Dems air anxieties after Biden's brutal NBC poll
Democrats across the political spectrum are panicking about a recent NBC News poll showing President Biden's approval rating at the lowest levels yet — 40%.
Why it matters: Moderate and progressive Democrats, particularly in the House, are fearful of an electoral tsunami this November. They tell Axios they're unsure whether the party can repair the damage in time.
- "People are extremely discouraged, there's no doubt," said Rep. Annie Kuster (D-N.H.), a moderate and leading member of the New Democrat Coalition.
- Kuster was among the NDC members who met with President Biden on Wednesday and urged the administration to take action on supply chain and inflation issues, gas prices and a budget reconciliation bill.
- Rep. Susan Wild (D-Pa.), a swing-district member, told Axios's Andrew Solender the poll gives credence to her distancing herself from Biden: "It’s always a concern when the president's numbers are bad and you're in the same party."
- "In my district, and I think in most frontline districts, you win your campaign because people know you know what work you've done, … and they also know that I don't always vote in line with the party."
Leading moderate Rep. Josh Gottheimer (D-N.J.) told Axios: “It’s an alarm bell for the commonsense, bipartisan solutions we should be focused on ... The president talked about a lot of this at the State of the Union, and now we have to get it done.”

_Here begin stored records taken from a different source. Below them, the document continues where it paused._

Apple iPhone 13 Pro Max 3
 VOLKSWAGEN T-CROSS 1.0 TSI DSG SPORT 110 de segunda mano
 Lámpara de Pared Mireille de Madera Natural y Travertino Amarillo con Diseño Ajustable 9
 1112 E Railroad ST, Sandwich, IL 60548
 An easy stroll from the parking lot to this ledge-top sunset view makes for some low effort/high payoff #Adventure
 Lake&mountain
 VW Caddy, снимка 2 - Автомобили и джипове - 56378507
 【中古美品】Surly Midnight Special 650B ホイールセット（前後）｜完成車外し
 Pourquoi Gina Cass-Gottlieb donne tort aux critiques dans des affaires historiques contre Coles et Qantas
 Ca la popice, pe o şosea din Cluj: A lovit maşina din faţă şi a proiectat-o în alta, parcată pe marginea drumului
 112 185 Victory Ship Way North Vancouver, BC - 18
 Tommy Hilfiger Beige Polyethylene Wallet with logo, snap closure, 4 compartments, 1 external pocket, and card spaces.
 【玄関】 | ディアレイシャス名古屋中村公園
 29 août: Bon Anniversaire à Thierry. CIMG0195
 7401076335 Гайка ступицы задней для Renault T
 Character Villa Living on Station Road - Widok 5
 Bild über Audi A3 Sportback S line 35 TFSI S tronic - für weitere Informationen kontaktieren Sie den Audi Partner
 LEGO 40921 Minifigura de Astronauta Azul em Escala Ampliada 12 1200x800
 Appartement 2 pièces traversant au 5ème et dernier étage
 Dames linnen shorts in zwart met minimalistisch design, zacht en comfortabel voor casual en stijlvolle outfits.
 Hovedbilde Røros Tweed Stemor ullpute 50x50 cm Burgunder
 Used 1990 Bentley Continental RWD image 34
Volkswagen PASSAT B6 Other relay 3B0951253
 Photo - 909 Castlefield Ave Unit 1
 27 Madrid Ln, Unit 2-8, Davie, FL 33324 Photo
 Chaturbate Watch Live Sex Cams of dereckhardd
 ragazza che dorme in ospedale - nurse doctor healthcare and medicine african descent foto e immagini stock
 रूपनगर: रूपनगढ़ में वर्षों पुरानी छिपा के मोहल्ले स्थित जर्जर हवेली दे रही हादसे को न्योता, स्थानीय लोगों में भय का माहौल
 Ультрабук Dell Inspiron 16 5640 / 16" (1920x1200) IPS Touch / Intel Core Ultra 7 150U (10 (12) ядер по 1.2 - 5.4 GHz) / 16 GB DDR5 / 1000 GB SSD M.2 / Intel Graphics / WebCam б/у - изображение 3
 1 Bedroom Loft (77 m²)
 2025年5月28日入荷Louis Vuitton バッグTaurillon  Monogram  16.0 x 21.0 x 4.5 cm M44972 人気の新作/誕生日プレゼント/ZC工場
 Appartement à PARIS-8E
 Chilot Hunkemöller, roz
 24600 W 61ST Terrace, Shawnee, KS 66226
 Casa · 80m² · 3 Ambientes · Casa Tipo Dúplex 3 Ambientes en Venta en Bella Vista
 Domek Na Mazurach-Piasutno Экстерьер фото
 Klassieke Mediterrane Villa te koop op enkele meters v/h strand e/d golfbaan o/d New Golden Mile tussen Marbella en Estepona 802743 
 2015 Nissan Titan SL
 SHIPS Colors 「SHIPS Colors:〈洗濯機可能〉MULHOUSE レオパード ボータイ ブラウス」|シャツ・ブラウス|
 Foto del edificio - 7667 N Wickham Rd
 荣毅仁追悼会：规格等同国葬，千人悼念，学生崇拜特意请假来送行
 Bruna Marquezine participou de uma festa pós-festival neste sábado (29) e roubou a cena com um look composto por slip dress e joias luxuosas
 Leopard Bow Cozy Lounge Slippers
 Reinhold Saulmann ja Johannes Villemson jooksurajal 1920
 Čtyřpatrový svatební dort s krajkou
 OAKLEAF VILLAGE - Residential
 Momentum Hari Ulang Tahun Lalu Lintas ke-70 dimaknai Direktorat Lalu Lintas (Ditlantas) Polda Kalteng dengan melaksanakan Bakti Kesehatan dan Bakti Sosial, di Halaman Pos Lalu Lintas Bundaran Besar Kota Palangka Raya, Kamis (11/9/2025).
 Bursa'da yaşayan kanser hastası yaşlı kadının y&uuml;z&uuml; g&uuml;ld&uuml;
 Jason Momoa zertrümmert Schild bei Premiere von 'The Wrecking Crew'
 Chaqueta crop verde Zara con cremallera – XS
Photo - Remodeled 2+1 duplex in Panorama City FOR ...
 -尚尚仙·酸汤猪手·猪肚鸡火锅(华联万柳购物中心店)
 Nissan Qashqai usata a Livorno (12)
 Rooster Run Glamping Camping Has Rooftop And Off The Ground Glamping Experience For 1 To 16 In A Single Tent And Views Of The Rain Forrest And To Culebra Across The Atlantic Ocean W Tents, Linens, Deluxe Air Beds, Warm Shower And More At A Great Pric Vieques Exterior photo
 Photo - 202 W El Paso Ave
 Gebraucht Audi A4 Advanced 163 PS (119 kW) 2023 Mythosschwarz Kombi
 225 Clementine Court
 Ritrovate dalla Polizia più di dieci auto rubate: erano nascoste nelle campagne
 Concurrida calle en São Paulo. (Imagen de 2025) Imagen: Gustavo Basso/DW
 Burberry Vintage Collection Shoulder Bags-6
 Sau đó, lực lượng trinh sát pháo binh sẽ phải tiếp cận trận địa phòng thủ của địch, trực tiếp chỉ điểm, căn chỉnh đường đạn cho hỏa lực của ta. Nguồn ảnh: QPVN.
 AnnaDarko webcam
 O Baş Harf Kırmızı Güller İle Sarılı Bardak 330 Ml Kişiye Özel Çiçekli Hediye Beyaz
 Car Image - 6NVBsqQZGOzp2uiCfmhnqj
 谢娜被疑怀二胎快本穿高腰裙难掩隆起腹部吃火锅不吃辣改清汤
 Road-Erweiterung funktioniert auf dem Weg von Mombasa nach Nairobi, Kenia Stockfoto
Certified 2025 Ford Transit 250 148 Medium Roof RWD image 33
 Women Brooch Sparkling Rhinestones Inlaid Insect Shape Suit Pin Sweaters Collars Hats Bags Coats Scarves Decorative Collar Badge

- "Democrats have got to talk about, one, that this is real, and own up to this being real," frontline Democrat Rep. Haley Stevens (D-Mich.) said. "And then, own up to having a plan to deal with [price pressures and inflation]."
- Rep. Mondaire Jones (D-N.Y.), a prominent progressive, told Axios: "A substantial explanation for the president's relatively low approval is that Democrats are dissatisfied with the lack of progress we've made on certain issues."
Driving the news: Members say the NBC poll — specifically the anemic 33% approval of Biden's handling of the economy — is especially disheartening.
They felt the president's stature was improving after his initial handling of Russia's invasion of Ukraine and delivery of the State of the Union address resulted in better poll numbers.
- That bump was short-lived.
- The most positive scenario, optimistic Democrats argue, is that the conflict between Russia and Ukraine settles down in the next few months.
- Then, in turn, gas prices recede, inflation falls and the economy continues to chug along with low unemployment and high job growth.
- They also hold out hope Democrats can reach a deal with holdouts like Sens. Joe Manchin (D-W.Va.) and Kyrsten Sinema (D-Ariz.) to pass some sort of revamped Build Back Better package.
Reality check: All of these things have to happen, and within a short time frame.
- Party strategists said Democrats need to string together a series of wins by the end of July or early August to make any potential gains in the November midterms.
What they're saying: Jones is among those calling on Biden to take matters into his own hands.
- "I think that the president has to look at that poll and do what he can using executive action, whether it is canceling student debt, or stopping subsidies when it comes to fossil fuel infrastructure … which would materially improve the lives of the American people, and, I think, buoy his approval as we get closer to November."